Recherche de musée et de lieu

Audioguide · Musée de la Noguera

Balaguer

01. Un nouveau nom pour Dieu

Le VIIIe siècle marqua le début d’une période de rupture avec la culture hispano-wisigothique sur toute la Péninsule ibérique. L'arrivée de populations et d’armées en provenance du Proche-Orient et du Nord de l’Afrique entraîna des changements très profonds au sein de la société qui affectèrent l’administration, la langue, la religion, l’économie...

Un nouvel état, Al-Andalus, surgit de ces changements, et une grande partie de l'actuelle Catalogne finirait par se trouver à l’intérieur de la frontière entre le nouvel état et les comptés francs : il s’agissait de la Marque supérieure, al-Tagr al-A’là.

02. Vous, gens de la Bible!

Les gens qui habitaient ces terres avant l'arrivée des musulmans s’appelaient les hispano-wisigothiques et étaient regroupés en petites populations comme celle de Bovalar (Seròs, El Segrià) où il y avait une basilique chrétienne. La vie tournait autour de l’agriculture et, notamment, de l’élevage avec des cheptels importants de moutons, et également de vaches et taureaux qui passaient l'hiver sur ces terres basses.

Bovalar fut fondée à la fin du IVe siècle, et détruite par un incendie justement au début du VIIIe siècle, au moment de l'arrivée des arabes et des berbères.

03. Nous leur avons ouvert la porte de tout

Avec la conquête de l’Hispanie, un nouveau pays fut configuré, Al-Andalus, dont la capitale se trouvait à Cordoue et qui dépendait du Califat de Damas, qui devint pendant un certain temps la première puissance politique, culturelle et économique d’Occident. Les nouveaux arrivants, experts en agriculture, améliorèrent les systèmes d’irrigation qui dataient de l’époque romaine et introduisirent de nouvelles cultures telles que le riz, le safran, la canne à sucre, l’oranger, les aubergines... Et de nouveaux produits arrivèrent sur les marchés des villes, comme l’encens, le poivre, l’ivoire, le mercure, la soie...

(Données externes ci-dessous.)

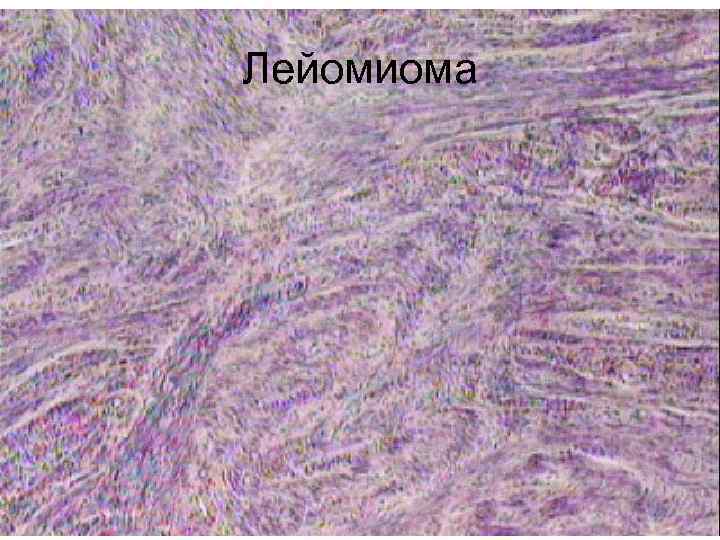 Лейомиома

04. Toutes les couleurs de votre peau

Le nouvel état andalou était composé de communautés très diverses : il y avait la minorité arabe et berbère qui constituait la classe dirigeante, les convertis à l’Islam connus sous le nom de muladis, la population autochtone qui était restée fidèle au christianisme et qui s’appelait les mozarabes, et finalement les juifs qui virent pour la première fois qu'ils n’étaient pas poursuivis et purent former des aljaimas stables et influentes.

05. C’était le temps de la lutte et des idées

L’établissement de la frontière sur ces terres confronta deux cultures opposées : les francs, au nord, organisèrent le territoire en « comtés ». Les andalous, au sud, s’organisèrent en districts à partir desquels ils géraient leur territoire et qui avaient à leur tête un wali ou gouverneur, qui dépendait à son tour du caïd ou chef militaire de la frontière, dans notre cas, appartenant à la Marque supérieure d’Al-Andalus. La capitale se trouvait à Saragosse et comprenait les districts de Tortosa, Tarragone, Lleida, Barbitania, Huesca, Saragosse, Calatayud et Barusa.

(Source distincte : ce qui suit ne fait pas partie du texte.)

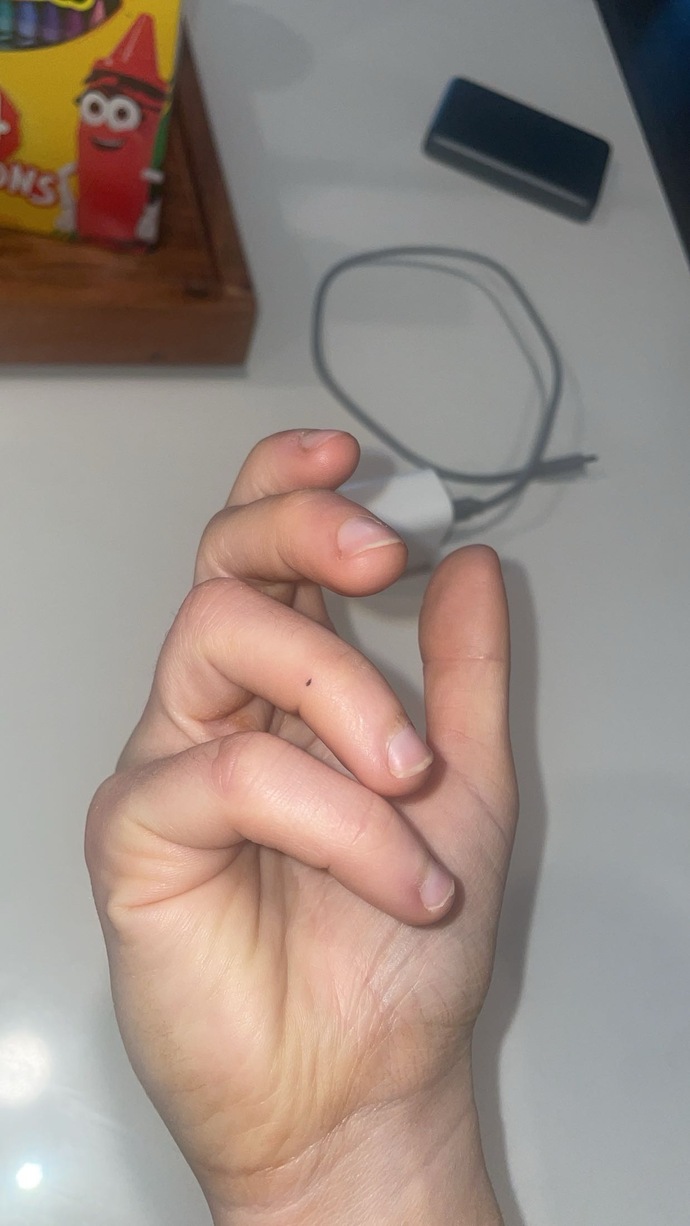 Cancer or just a mole?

06. Cette terre leur sera interdite

Avec la désintégration du califat de Cordoue (1008) et l’apparition d’une série de royaumes indépendants dénommés Taïfas, la Marque supérieure disparut comme division territoriale, et devint l’un des royaumes les plus étendus et importants, gouverné par la famille des Banu Hud, ayant pour capitale Saragosse. Les luttes entre les membres de cette famille firent de Lleida le centre rival et la capitale de la petite taïfa de Lleida entre 1041 et 1081, moment de grand essor économique, social et culturel.

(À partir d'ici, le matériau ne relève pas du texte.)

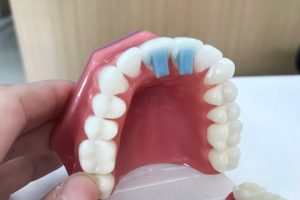 3D model of a perfect smile with two, blue bite turbos on the back of the front teeth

07. Reluisant comme la lumière du matin, il avançait fier sur une selle en or

L’affaiblissement du pouvoir andalou à partir de début du XIe siècle comporta une reprise de la conquête du territoire de la part des comtés qui culmina dans la zone de l’actuelle Catalogne à la moitié du XIIe siècle. La conquête et la colonisation des terres de Pallarès et de Noguera sont dues aux gestes du cavalier Arnau Mir de Tost (1000-1072) et son épouse Arsenda, qui étaient les vassaux des comtes d’Urgell.

Balaguer fut conquise définitivement en 1105 après trois siècles et onze ans de lutte intermittente.  La population fut expulsée. La ville de Lleida ne tomba que quarante-quatre ans plus tard, et les comtes de Barcelone et d’Urgell permirent à la population de continuer à vivre dans la ville.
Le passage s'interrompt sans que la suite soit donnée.